Venezuelan opposition leader and Governor of Miranda state Henrique Capriles shows a copy of the form to collect signatures to begin the process of seeking a referendum to remove President Nicolas Maduro during a news conference in Caracas, Venezuela, April 26, 2016. REUTERS/Marco Bello(reuters_tickers)
By Corina Pons and Eyanir Chinea
CARACAS (Reuters) - Venezuela's opposition launched a signature drive on Wednesday seeking a referendum to remove President Nicolas Maduro as sporadic looting and protests over the economic crisis were reported.
The Democratic Unity coalition gathered supporters in public spaces around the country to start collecting the 1 percent of voters' signatures, nearly 200,000, needed to trigger the next phase towards a possible recall referendum.
Maduro, 53, who succeeded his late mentor Hugo Chavez, has seen his popularity plummet due to a brutal recession, triple-digit inflation, widespread shortages and long lines at shops.
Small anti-Maduro protests and looting incidents have been taking place in various cities this week, some triggered by increasing power cuts due to energy shortages.
In Venezuela's second city Maracaibo, in the oil-producing western state of Zulia, authorities reported at least 30 small protests on Tuesday night, including looting of various shops and pharmacies and some vehicles burned.
Half a dozen people were arrested.
"We totally condemn the violence," Zulia governor Francisco Arias said, calling on parents to control protesting youths.
"END THIS DISASTER"
Small demonstrations in other cities, including Puerto Ordaz and Maracay, took place early on Wednesday, witnesses said, with people burning garbage in the street and some looting.
If the referendum process drags into 2017, the vice president would take over should Maduro be removed, rather than there being a new election. Opponents fear the election board is abetting that, to deny them a chance of taking power in the OPEC nation at the half-way stage of Maduro's 2013-2019 term.

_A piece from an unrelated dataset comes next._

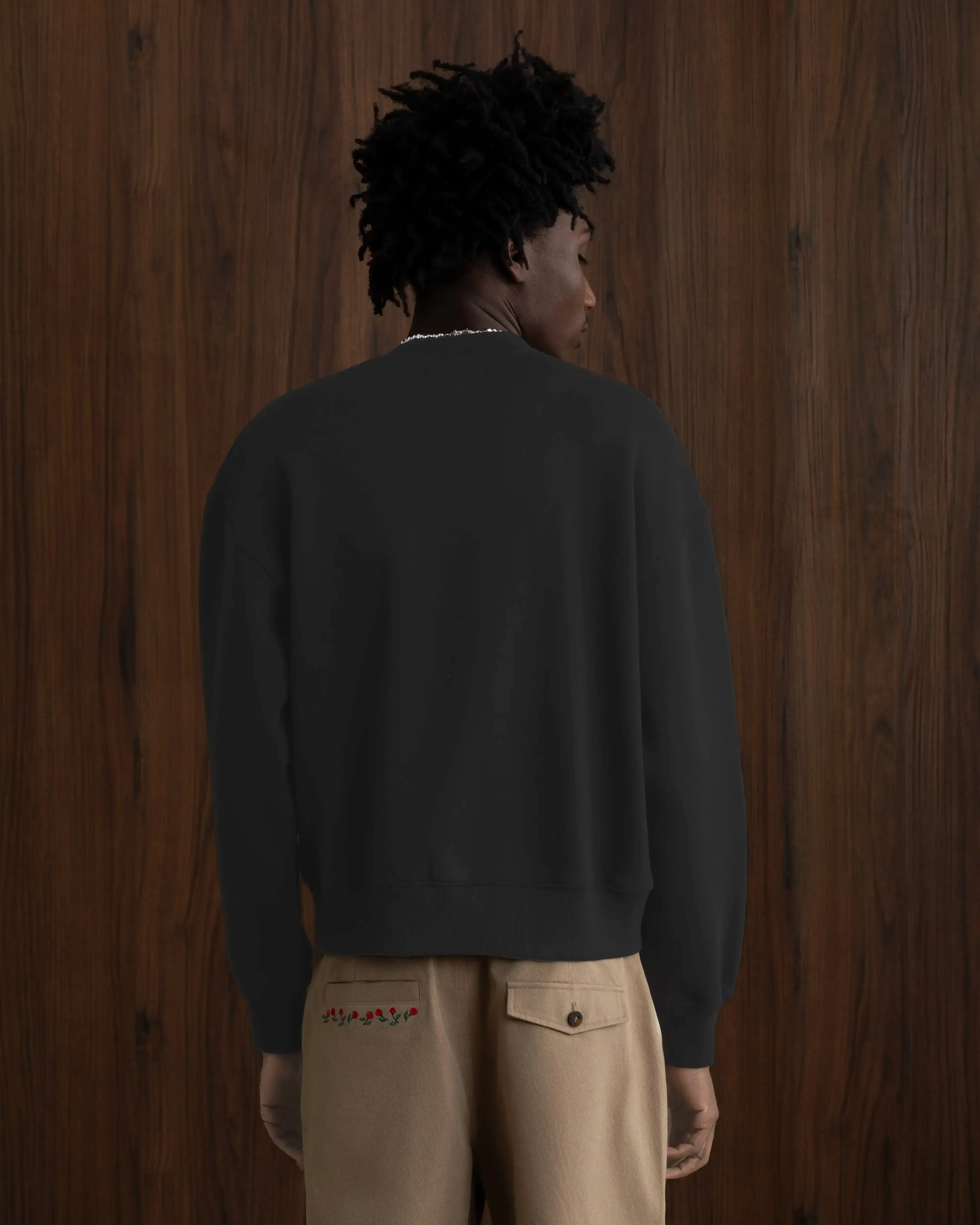 Loop Sweatshirt Ash sold by Nude Project product image thumbnail 3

Venezuela's opposition won control of the National Assembly in December, due to public ire over the economy, and has declared its aim to remove Maduro this year.

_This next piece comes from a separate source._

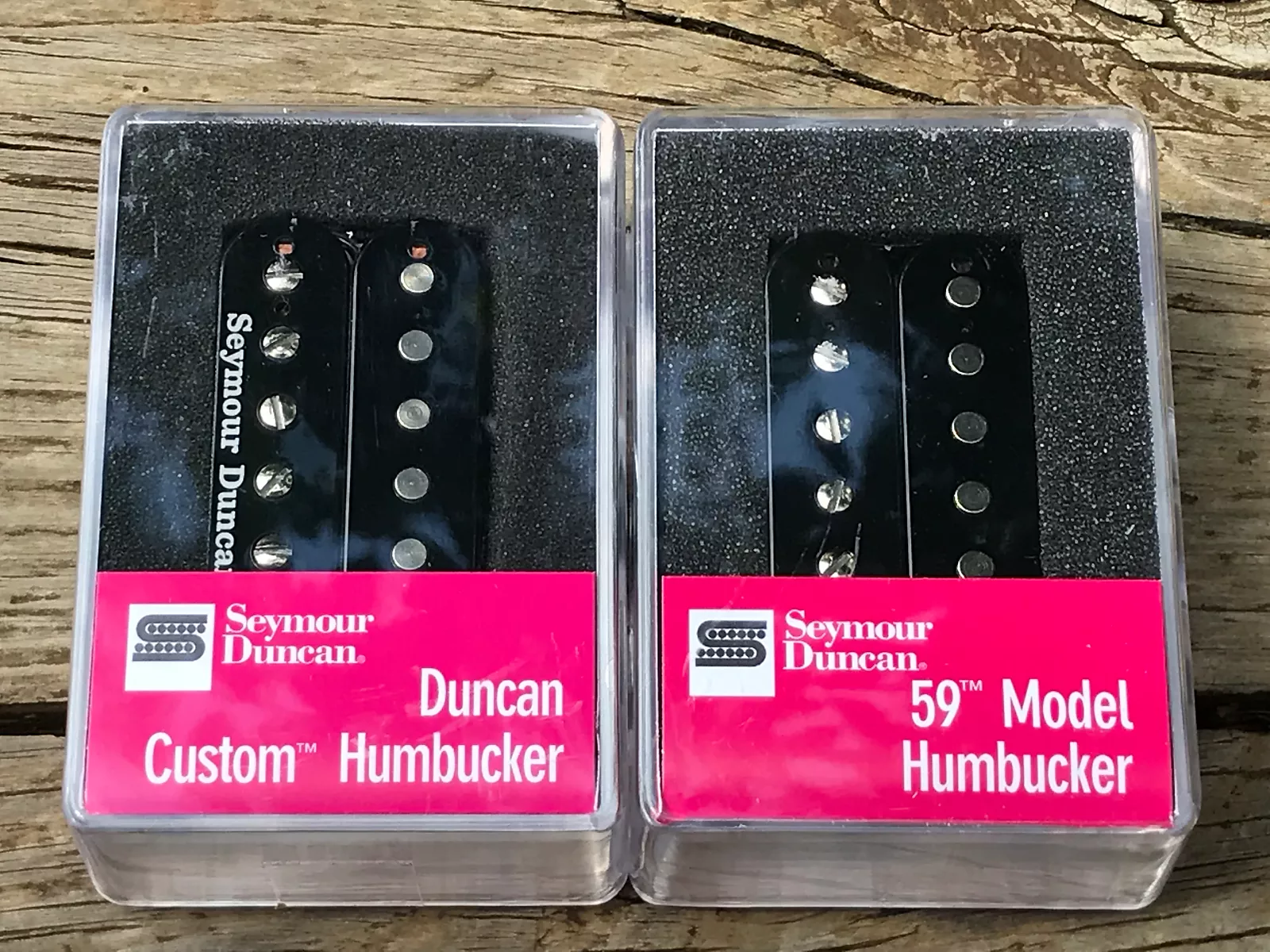 Seymour Duncan Custom SH-5 Bridge / SH-1n 59 Neck Pickup Set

"I voted for Chavez and I never thought this tragedy would happen," said caretaker Isadora Chavez, 56, who lined up for an hour behind 100 others outside one of six tents at a signature point in Caracas. "I was wrong; never again!"
To trigger a referendum, after obtaining the 1 percent of voters' signatures, the opposition must then collect another 20 percent, or 4 million signatures, before a vote could be held.
"I'm signing to end this disaster. They've destroyed the country," said shop owner Jhony Valero, 57, who also lined up to sign in Caracas.
Maduro has sworn he will not be forced out and accuses the opposition of seeking a coup against him to destroy socialism in the South American country of 30 million people.
Risk consultancy Eurasia forecast authorities would block a referendum this year. "The only catalyst for regime change this year is a potential social explosion."